Non esistono posti lontani prende spunto da questi due episodi, seppur privi di collegamenti tra loro; se non quello della guerra, insieme di duri conflitti, di massicci bombardamenti, di atroci eccidi. Ma questi sono stati ampiamente raccontati, mentre a me è sembrato più interessante riportare alla luce il passaggio della guerra nei piccoli paesi depredati e dimenticati.
Questa dunque l’idea, ma poi il romanzo s’è quasi ‘costruito’ da solo, con l’assemblaggio delle tante piccole storie raccolte durante un lungo, faticoso ed entusiasmante viaggio da nord a sud dell’Italia, attraverso le strade secondarie degli Appennini. Lo stesso viaggio che poi hanno percorso i due protagonisti del romanzo, ma 75 anni… prima di me. Santino il calderaio, il boscaiolo con i muli, il pastore, i monaci delle abbazie, il capo partigiano di Pontremoli li ho incontrati davvero, strada facendo. Tra le colline reatine e il confine con l’Abruzzo, per esempio, ho girato per un po’ alla ricerca di un paese su misura in cui i protagonisti si sarebbero potuti nascondere con una certa sicurezza. Il posto giusto mi è sembrato Pozzaglia, su un colle circondato dalla vegetazione. Per prima cosa ho attaccato bottone con il barista dell’unico locale aperto, e da lui sono venuto a sapere che proprio lì, a Pozzaglia, s’era nascosto per alcuni giorni Albert Kesserling, il comandante in capo delle forze tedesche, durante la generale ritirata verso Nord, subito dopo la liberazione di Roma.

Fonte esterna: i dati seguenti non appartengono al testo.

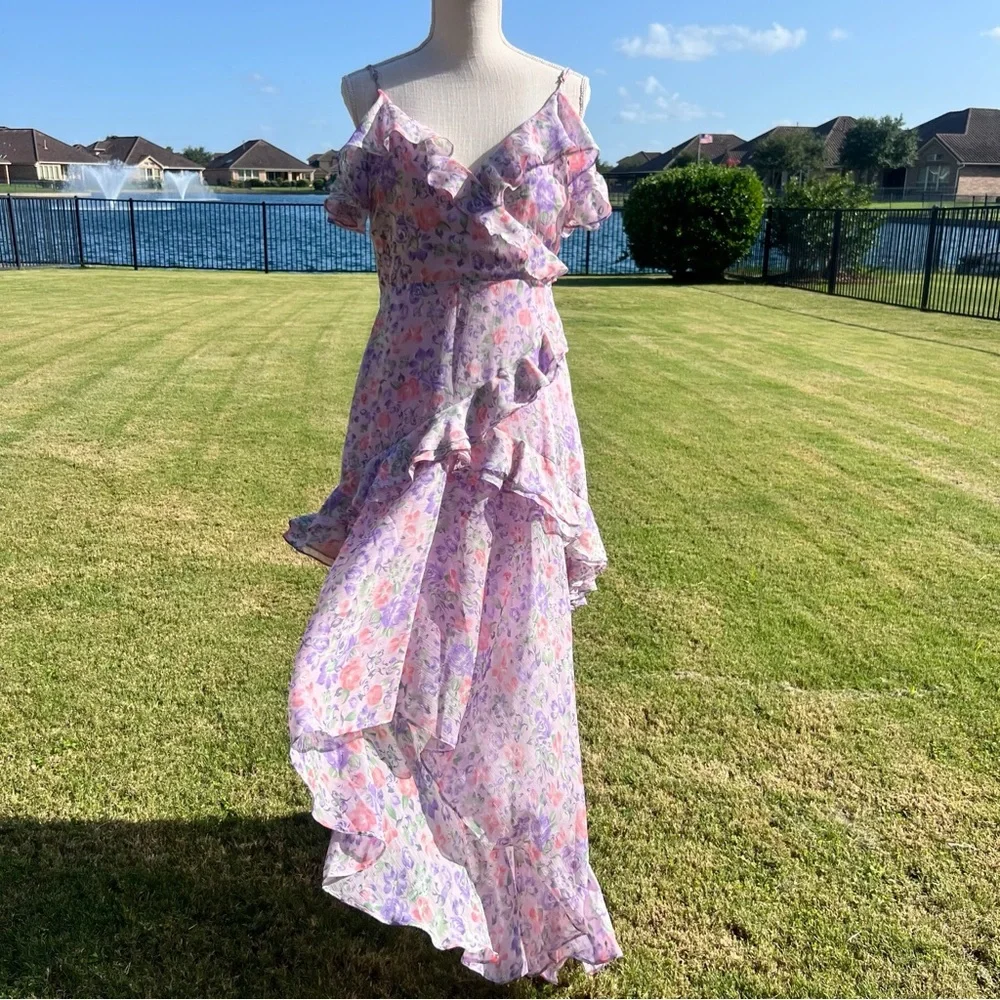Astr The Label Pemberly Floral Off-Shoulder dress - Picture 2 of 6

La rivelazione di questo episodio, che non avevo letto in nessun libro sulla seconda guerra mondiale, è stata davvero sorprendente e ha poi cambiato decisamente la trama nella parte quasi conclusiva del romanzo. Insomma, vecchi ricordi, letture, viaggi nei luoghi dimenticati, incontri casuali, un po’ d’intuito e molta fortuna. Le storie nascono così. Spero che ai lettori del romanzo venga poi voglia di andare a vedere alcuni di questi luoghi descritti, prima che scompaiano del tutto dalla geografia e dalla memoria.